Exercise prompt
Pictures should not appear in the copy; the records themselves must be written out exactly.

Extracted records START

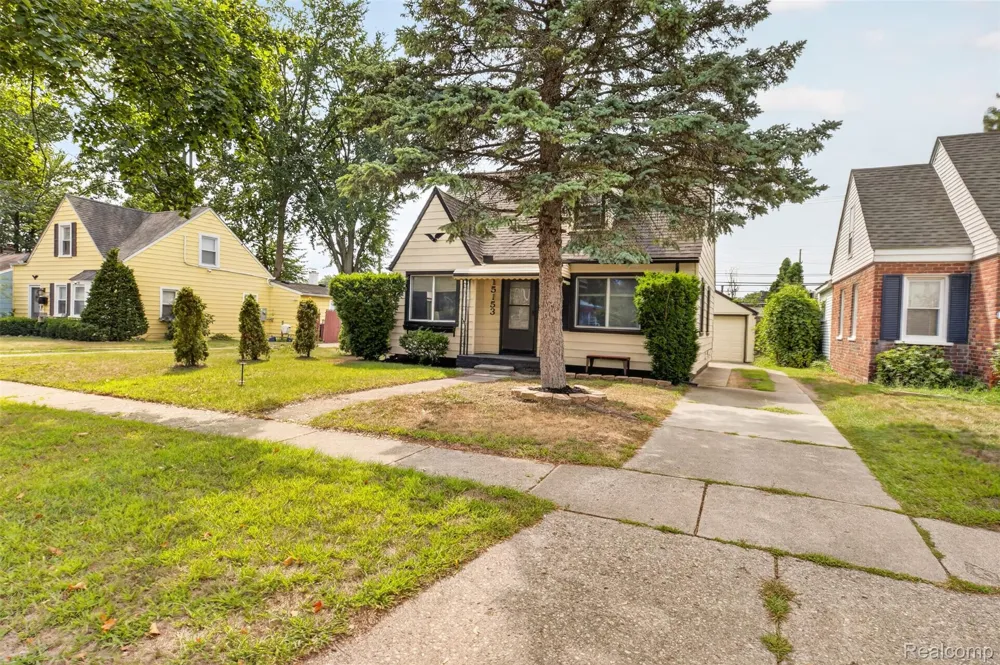 15153 Cavour Street Livonia City, MI 48154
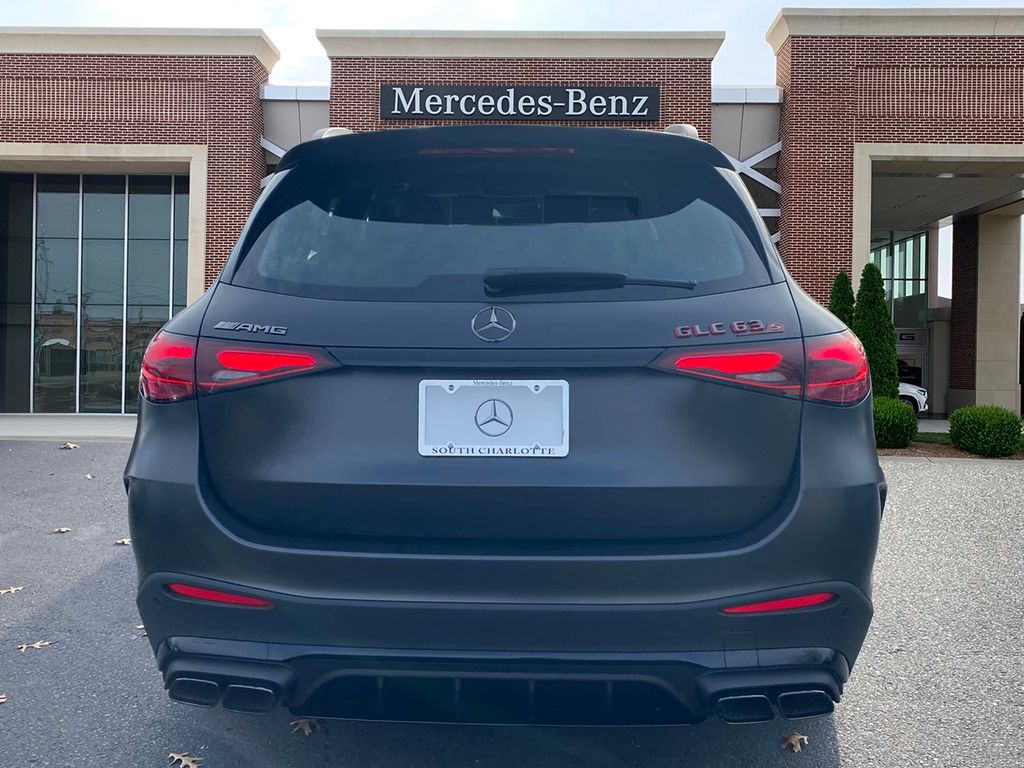 2025 Mercedes-Benz GLC 63 AMG 6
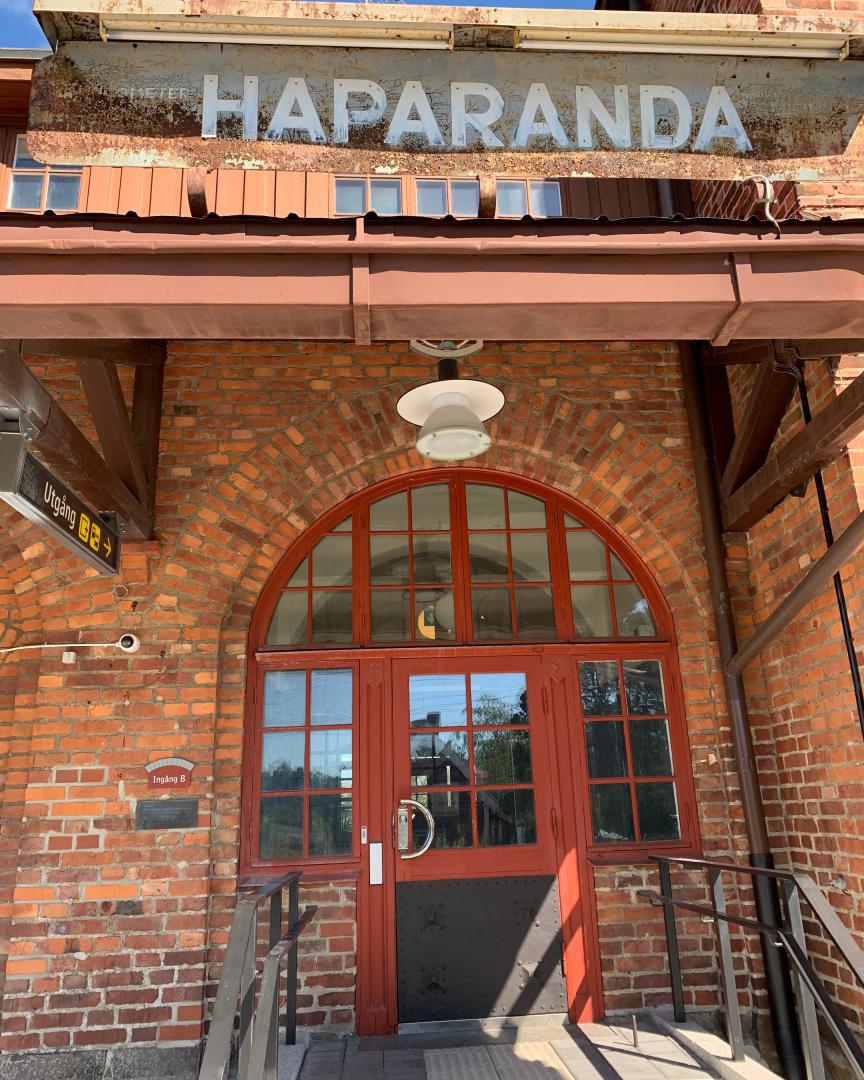 Pella on Train Siding: Haparanda’s magnificient railway station. Projected in 1915 as a way to facilitate trade with Russia. Finished in time for the
October...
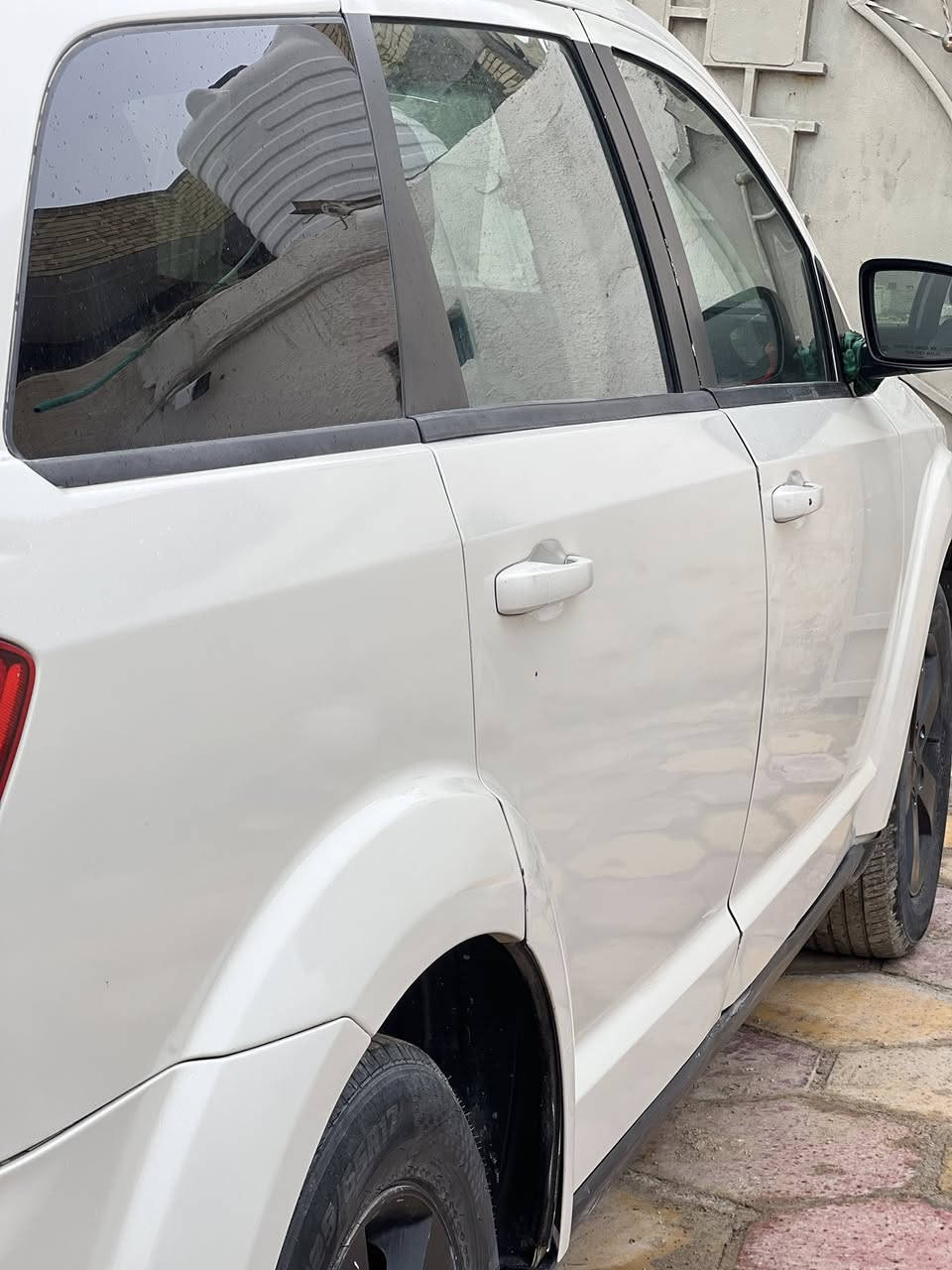 سلام عليكم
جورني ٢٠١٣
٧ راكب 
٤ سلندر
٣ قطع تبريد 
كشن كهربائي
تبريد ثلج
السياره حادثها بنيد بامريكا كلش بسيط حادثها
بيها رشات صبغ ابيع حزام
كير ومحرك بالباكيت صار ٢٠ يوم مبدلهن 
باسمي مداور ثاني يوم مشروع وطني
رقم بغداد السعر ١٠٠ وبيها مجال
للاستفسار***********
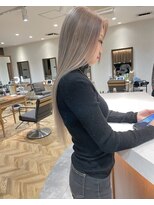 ロンド レア 天神大名店(Lond Le’a)&nbsp;ミルクティーベージュ/ダブルカラー/ケアブリーチ/くびれヘア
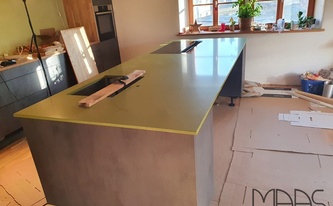 Küche in Dresden mit Caesarstone Arbeitsplatte 2710 Apple Martini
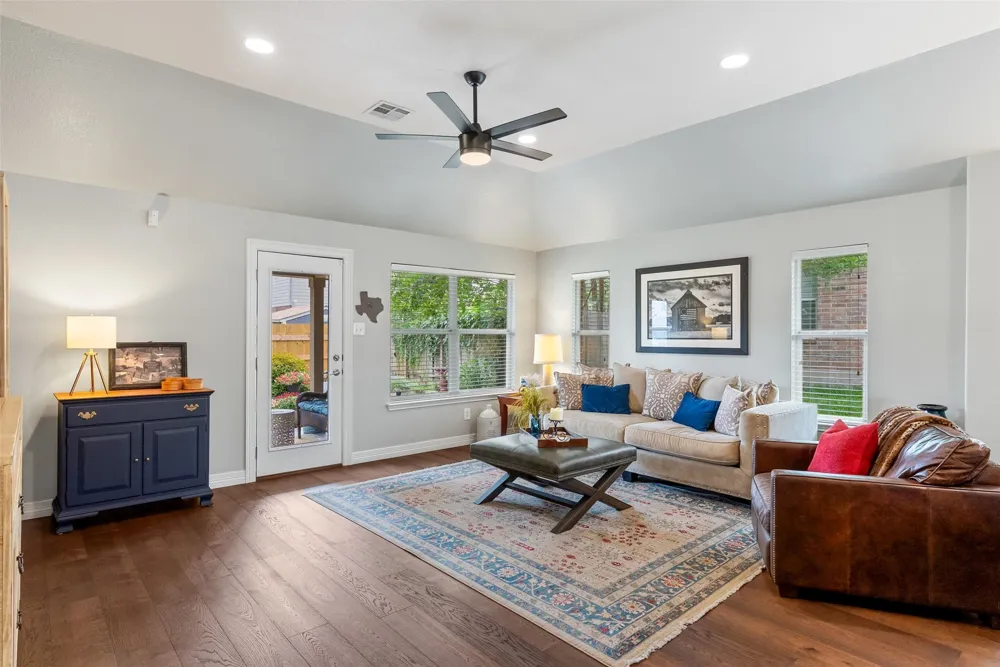 994 Hot Spring Valley Buda, TX 78610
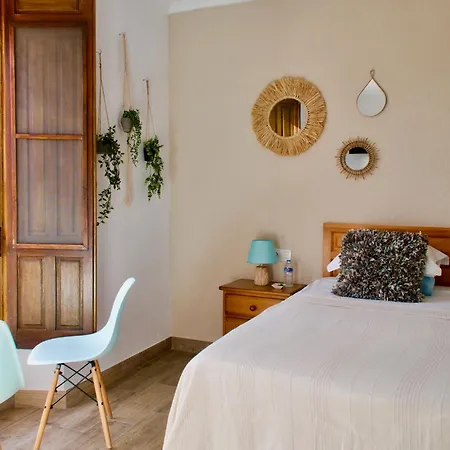 Casa De Lirios Bed & Breakfast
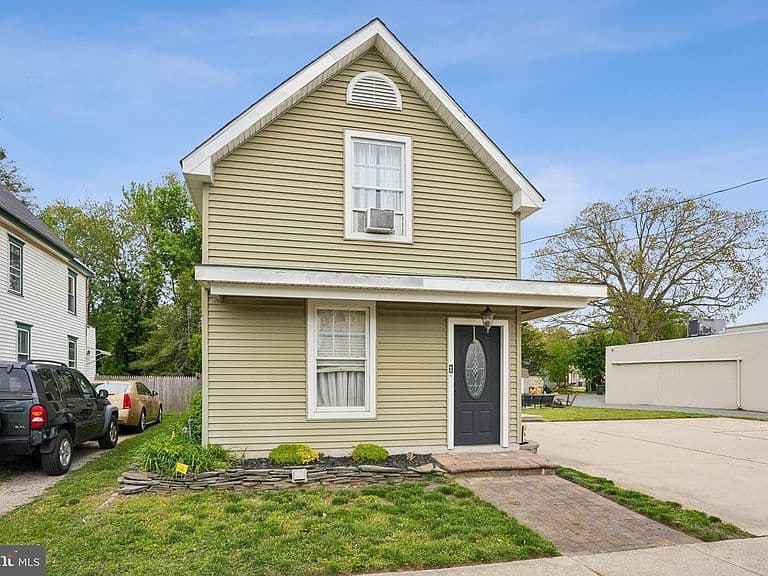 Listing photo 2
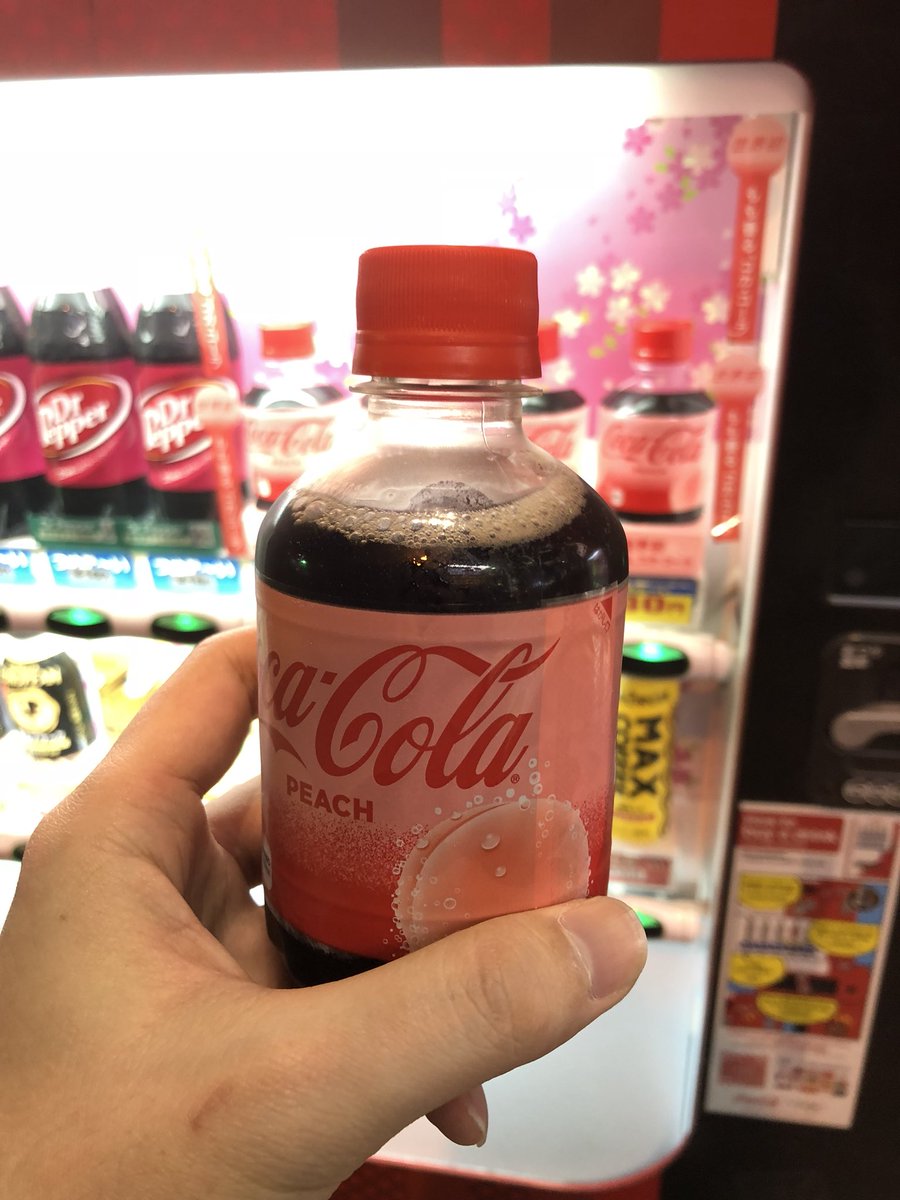 그 유명한 만다라케.. 걷다가 목말라서 코카콜라 복숭아맛 자판기에사 뽑아먹었다. 맛은 밍숭했다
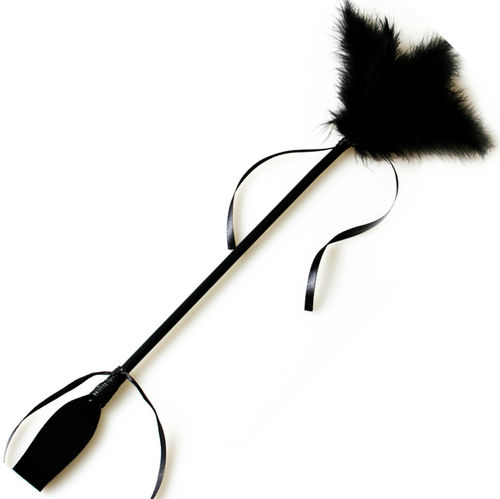 FOUET PLUME NOIR – ENTRE DOUCEUR ET DOMINATION – Image 2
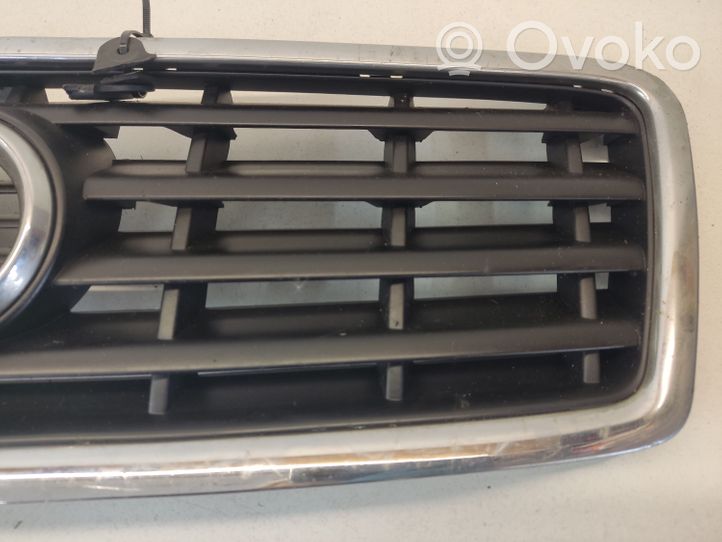 Audi A4 S4 B6 8E 8H Grille calandre supérieure de pare-chocs avant 8H0853653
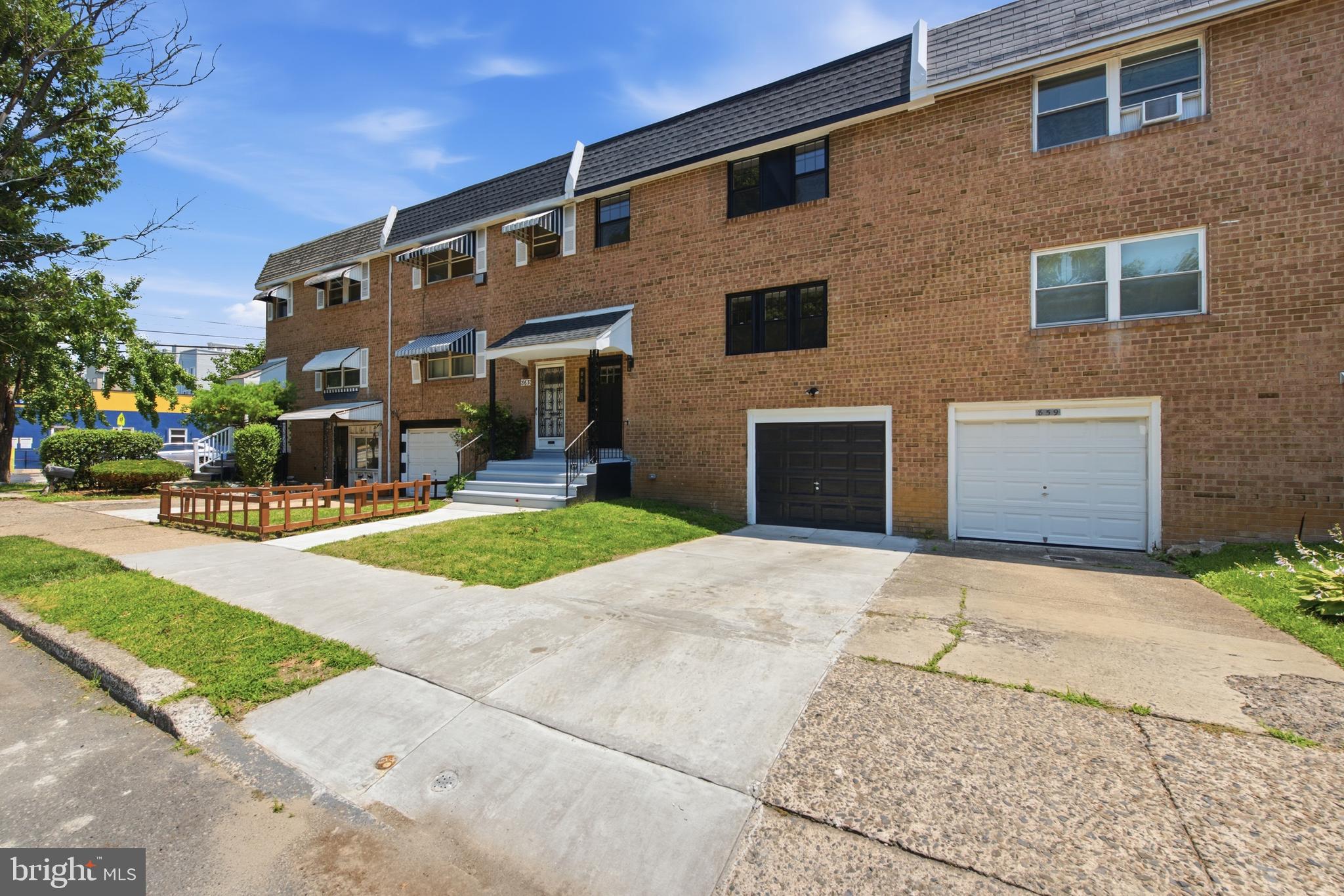 861 N 7TH STREET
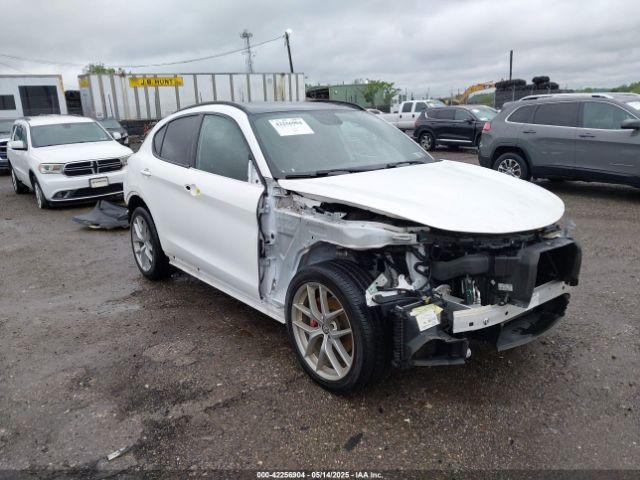  Salvage Alfa Romeo Stelvio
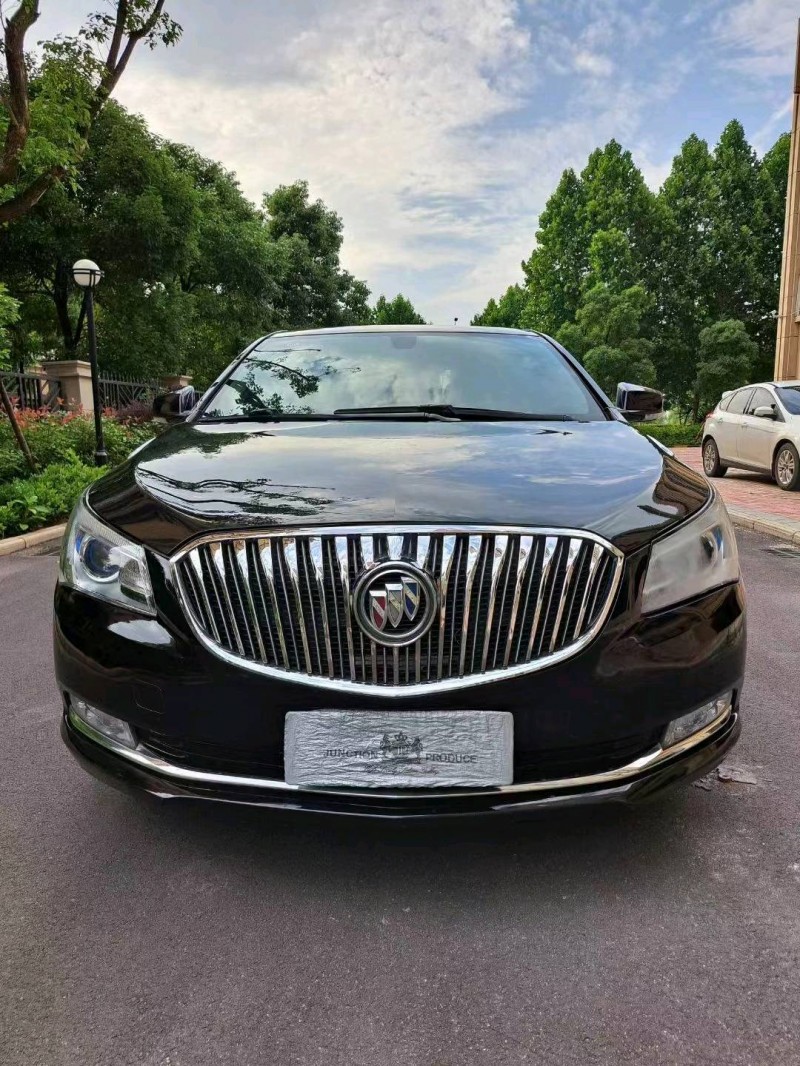 宜春15年别克君越1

Extracted records END

Reply
 15153 Cavour Street Livonia City, MI 48154
 2025 Mercedes-Benz GLC 63 AMG 6
 Pella on Train Siding: Haparanda’s magnificient railway station. Projected in 1915 as a way to facilitate trade with Russia. Finished in time for the
October...
 سلام عليكم
جورني ٢٠١٣
٧ راكب 
٤ سلندر
٣ قطع تبريد 
كشن كهربائي
تبريد ثلج
السياره حادثها بنيد بامريكا كلش بسيط حادثها
بيها رشات صبغ ابيع حزام
كير ومحرك بالباكيت صار ٢٠ يوم مبدلهن 
باسمي مداور ثاني يوم مشروع وطني
رقم بغداد السعر ١٠٠ وبيها مجال
للاستفسار***********
 ロンド レア 天神大名店(Lond Le’a)&nbsp;ミルクティーベージュ/ダブルカラー/ケアブリーチ/くびれヘア
 Küche in Dresden mit Caesarstone Arbeitsplatte 2710 Apple Martini
 994 Hot Spring Valley Buda, TX 78610
 Casa De Lirios Bed & Breakfast
 Listing photo 2
 그 유명한 만다라케.. 걷다가 목말라서 코카콜라 복숭아맛 자판기에사 뽑아먹었다. 맛은 밍숭했다
 FOUET PLUME NOIR – ENTRE DOUCEUR ET DOMINATION – Image 2
 Audi A4 S4 B6 8E 8H Grille calandre supérieure de pare-chocs avant 8H0853653
 861 N 7TH STREET
  Salvage Alfa Romeo Stelvio
 宜春15年别克君越1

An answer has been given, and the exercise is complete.